The weights for the convolutional net can be initialized as follows:

w = Any[ -0.1+0.2*rand(Float32,5,5,1,20),  zeros(Float32,1,1,20,1),
         -0.1+0.2*rand(Float32,5,5,20,50), zeros(Float32,1,1,50,1),
         -0.1+0.2*rand(Float32,500,800),   zeros(Float32,500,1),
         -0.1+0.2*rand(Float32,10,500),    zeros(Float32,10,1) ]

Currently convolution and pooling are only supported on the GPU for 4-D and 5-D arrays. So we reshape our data and transfer it to the GPU along with the parameters by converting them into KnetArrays (see @doc KnetArray for more information):

dtrn = map(d->(KnetArray(reshape(d[1],(28,28,1,100))), KnetArray(d[2])), dtrn)
dtst = map(d->(KnetArray(reshape(d[1],(28,28,1,100))), KnetArray(d[2])), dtst)
w = map(KnetArray, w)

The training proceeds as before giving us even better results. The code for the LeNet example can be found in lenet.jl.


Recurrent neural network

In this section we will see how to implement a recurrent neural network (RNN) in Knet. An RNN is a class of neural network where connections between units form a directed cycle, which allows them to keep a persistent state over time. This gives them the ability to process sequences of arbitrary length one element at a time, while keeping track of what happened at previous elements.


As an example, we will build a character-level language model inspired by “The Unreasonable Effectiveness of Recurrent Neural Networks” from the Andrej Karpathy blog. The model can be trained with different genres of text, and can be used to generate original text in the same style.

It turns out simple RNNs are not very good at remembering things for a very long time. Currently the most popular solution is to use a more complicated unit like the Long Short Term Memory (LSTM). An LSTM controls the information flow into and out of the unit using gates similar to digital circuits and can model long term dependencies. See Understanding LSTM Networks by Christopher Olah for a good overview of LSTMs.

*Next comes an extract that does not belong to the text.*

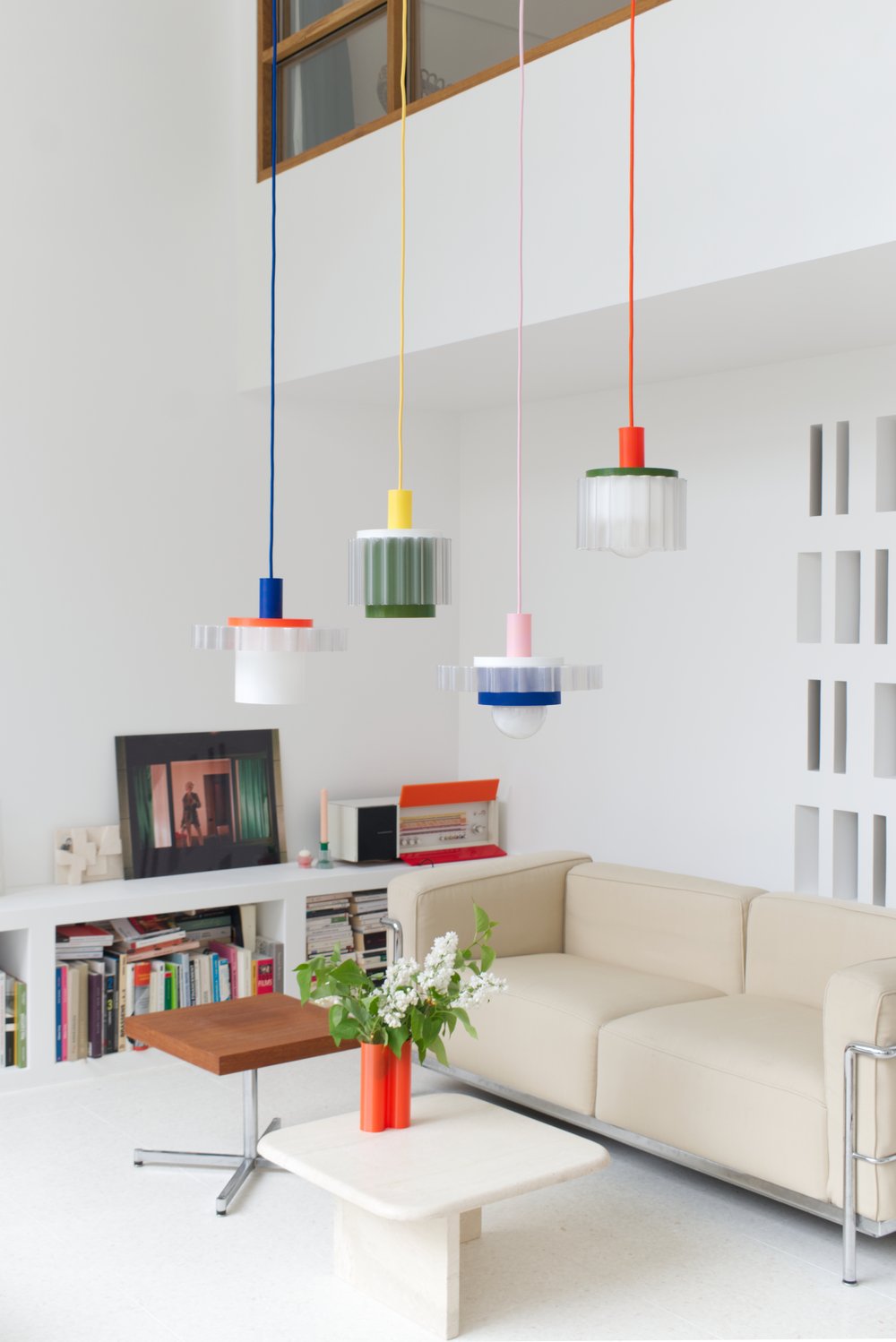 Hanglamp Gigi Nr.1 - gele kabel | Warren&Laetitia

The code below shows one way to define an LSTM in Knet. The first two arguments are the parameters, the weight matrix and the bias vector. The next two arguments hold the internal state of the LSTM: the hidden and cell arrays. The last argument is the input. Note that for performance reasons we lump all the parameters of the LSTM into one matrix-vector pair instead of using separate parameters for each gate. This way we can perform a single matrix multiplication, and recover the gates using array indexing. We represent input, hidden and cell as row vectors rather than column vectors for more efficient concatenation and indexing. sigm and tanh are the sigmoid and the hyperbolic tangent activation functions. The LSTM returns the updated state variables hidden and cell.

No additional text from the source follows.